Neal Augenstein, wtop.com
WASHINGTON – Whether it’s spelled Christmas or X-mas, a long-rocking Virginia Beach band got tired of hearing about the so-called “war on Christmas,” and decided to try to settle the controversy with a catchy, hummable pop song.
And the help of some famous friends.
“Last year the war on Christmas was ginning up again, and I wanted to write a very sincere song about the fact that Christmas isn’t about war, it’s about love and peace,” says Seth Gordon, guitarist, singer and co-founder of The Mockers.
Lyrics include the following:
It doesn’t really matter if you use an X or C
I doubt that Jesus would have cared
They both spell ‘love’ to me
So you can wish me Merry Christmas or Happy Holidays
You’re only saying ‘peace on Earth’ in many different ways.
“I think that’s what Jesus was trying to say,” opines Gordon, who is Jewish.

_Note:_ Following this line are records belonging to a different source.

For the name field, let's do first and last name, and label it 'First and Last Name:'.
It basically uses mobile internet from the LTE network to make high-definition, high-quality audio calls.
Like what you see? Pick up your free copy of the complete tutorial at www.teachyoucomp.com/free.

“In the hallowed tradition of Jews writing, hopefully, classic Christmas songs – there are actually three Jews in the band,” says Gordon, alluding to songs stretching from Irving Berlin’s “White Christmas,” to Johnny Marks’ “Rudolph The Red Nosed Reindeer” and Joey Ramone’s “Merry Christmas (I Don’t Want to Fight Tonight).”

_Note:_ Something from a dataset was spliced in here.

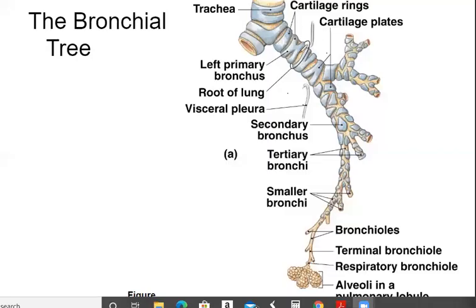Looking at the diagram, here's my primary bronchi — it says 'bronchus' for singular; both sides would be 'bronchi.' Then we get the secondary bronchus, which cuts off this way and also this way. Then we get tertiary — so my secondary is going to split again, and that's my tertiary bronchi, which will continue branching.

Co-founder, bassist and singer Tony Leventhal and guitarist, producer and singer Robbie Rist, whose initial claim to fame was his role as Cousin Oliver in the Brady Bunch sitcom, also are Jewish.
Luis “Weedge” Herrera plays drums and sings.

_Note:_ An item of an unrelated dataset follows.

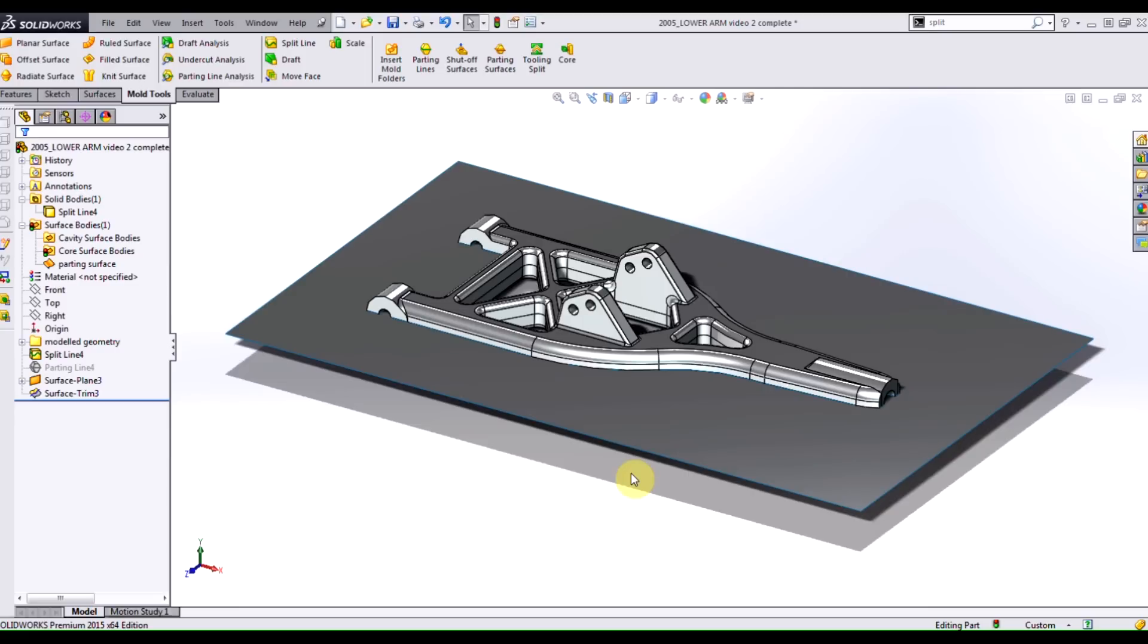Hi there everyone, this is Erwin Huzma, applications engineer here at Hawk Ridge Systems. I'm here to show you part 3 in our multi-part series on injection mold design within SolidWorks.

Well-pedigreed friends add to the lush orchestration of Gordon’s song, as well as Leventhal’s contribution to the “double a-side” release, “(What’s A Better Present) At Christmas Time.”
“The glockenspiel and bells are played by Christian Nesmith, who has a pretty famous father: Mike Nesmith from The Monkees,” says Gordon.
“We told Robbie,’It’s a Christmas song, it has to be overproduced,'” jokes Gordon.
“We have lots of keyboards, and organs, and big vocals and a bunch of our friends in the studio for a big chorale effect at the end.”
One of those friends lending backing vocals is Derrick Anderson, who now plays bass with The Bangles.
Gordon acknowledges he was inspired by previous Christmas hits.
“My two favorite rock Christmas songs that I was kind of going for was ‘Father Christmas’ by the Kinks and ‘Merry X-mas Everybody,’ by Slade.”
The two Christmas songs won’t appear on a future album, Gordon says, reminiscent of Christmas singles released in the 1960s and 1970s.
“We actually considered releasing it on vinyl, because frankly, people don’t buy CDs anymore,” says Gordon.
“It’s either vinyl for collectors or mp3s for everybody else.”
Disclaimer: WTOP’s Neal Augenstein played in a band, Cheap Dates, that opened for The Mockers, circa 1988.